■ TASK TO CARRY OUT:
For the data below, give again exactly the lines from the one containing "Image of Wooden" through the one containing "onions and carrots in an instant pot", both ends included, and no others.

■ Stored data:
-- Opening Marker --
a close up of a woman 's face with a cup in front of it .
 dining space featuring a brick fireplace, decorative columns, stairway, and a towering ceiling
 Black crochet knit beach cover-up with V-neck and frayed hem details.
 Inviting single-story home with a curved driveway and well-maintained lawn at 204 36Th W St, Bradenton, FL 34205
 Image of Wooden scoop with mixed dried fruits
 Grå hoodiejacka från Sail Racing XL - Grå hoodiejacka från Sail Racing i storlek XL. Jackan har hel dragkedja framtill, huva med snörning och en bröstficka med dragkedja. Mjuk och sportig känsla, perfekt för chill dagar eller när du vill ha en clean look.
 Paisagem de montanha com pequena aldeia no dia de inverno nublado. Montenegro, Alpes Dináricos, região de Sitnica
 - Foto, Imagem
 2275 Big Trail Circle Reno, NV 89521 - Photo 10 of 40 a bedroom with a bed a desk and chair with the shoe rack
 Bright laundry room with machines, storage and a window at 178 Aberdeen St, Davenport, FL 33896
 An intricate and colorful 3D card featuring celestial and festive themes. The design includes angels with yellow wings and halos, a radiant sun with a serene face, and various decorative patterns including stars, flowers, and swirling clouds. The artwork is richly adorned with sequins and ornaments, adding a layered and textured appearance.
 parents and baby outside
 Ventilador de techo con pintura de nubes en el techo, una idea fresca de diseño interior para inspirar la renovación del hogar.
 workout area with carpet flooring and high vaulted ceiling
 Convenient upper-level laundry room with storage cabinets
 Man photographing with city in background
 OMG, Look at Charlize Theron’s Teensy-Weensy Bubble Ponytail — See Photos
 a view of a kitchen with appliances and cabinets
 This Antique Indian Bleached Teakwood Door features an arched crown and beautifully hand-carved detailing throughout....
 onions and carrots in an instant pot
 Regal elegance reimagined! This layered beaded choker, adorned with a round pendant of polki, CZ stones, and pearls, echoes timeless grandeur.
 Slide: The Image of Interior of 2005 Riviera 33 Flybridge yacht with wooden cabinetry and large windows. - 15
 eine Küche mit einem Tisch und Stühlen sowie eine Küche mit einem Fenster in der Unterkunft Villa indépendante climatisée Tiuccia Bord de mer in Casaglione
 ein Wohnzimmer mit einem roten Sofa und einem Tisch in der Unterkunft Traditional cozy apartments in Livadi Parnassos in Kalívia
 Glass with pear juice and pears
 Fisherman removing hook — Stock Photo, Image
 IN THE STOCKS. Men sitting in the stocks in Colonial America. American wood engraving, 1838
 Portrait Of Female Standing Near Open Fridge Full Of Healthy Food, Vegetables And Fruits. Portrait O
-- Closing Marker --
■ YOUR SOLUTION:
 Image of Wooden scoop with mixed dried fruits
 Grå hoodiejacka från Sail Racing XL - Grå hoodiejacka från Sail Racing i storlek XL. Jackan har hel dragkedja framtill, huva med snörning och en bröstficka med dragkedja. Mjuk och sportig känsla, perfekt för chill dagar eller när du vill ha en clean look.
 Paisagem de montanha com pequena aldeia no dia de inverno nublado. Montenegro, Alpes Dináricos, região de Sitnica
 - Foto, Imagem
 2275 Big Trail Circle Reno, NV 89521 - Photo 10 of 40 a bedroom with a bed a desk and chair with the shoe rack
 Bright laundry room with machines, storage and a window at 178 Aberdeen St, Davenport, FL 33896
 An intricate and colorful 3D card featuring celestial and festive themes. The design includes angels with yellow wings and halos, a radiant sun with a serene face, and various decorative patterns including stars, flowers, and swirling clouds. The artwork is richly adorned with sequins and ornaments, adding a layered and textured appearance.
 parents and baby outside
 Ventilador de techo con pintura de nubes en el techo, una idea fresca de diseño interior para inspirar la renovación del hogar.
 workout area with carpet flooring and high vaulted ceiling
 Convenient upper-level laundry room with storage cabinets
 Man photographing with city in background
 OMG, Look at Charlize Theron’s Teensy-Weensy Bubble Ponytail — See Photos
 a view of a kitchen with appliances and cabinets
 This Antique Indian Bleached Teakwood Door features an arched crown and beautifully hand-carved detailing throughout....
 onions and carrots in an instant pot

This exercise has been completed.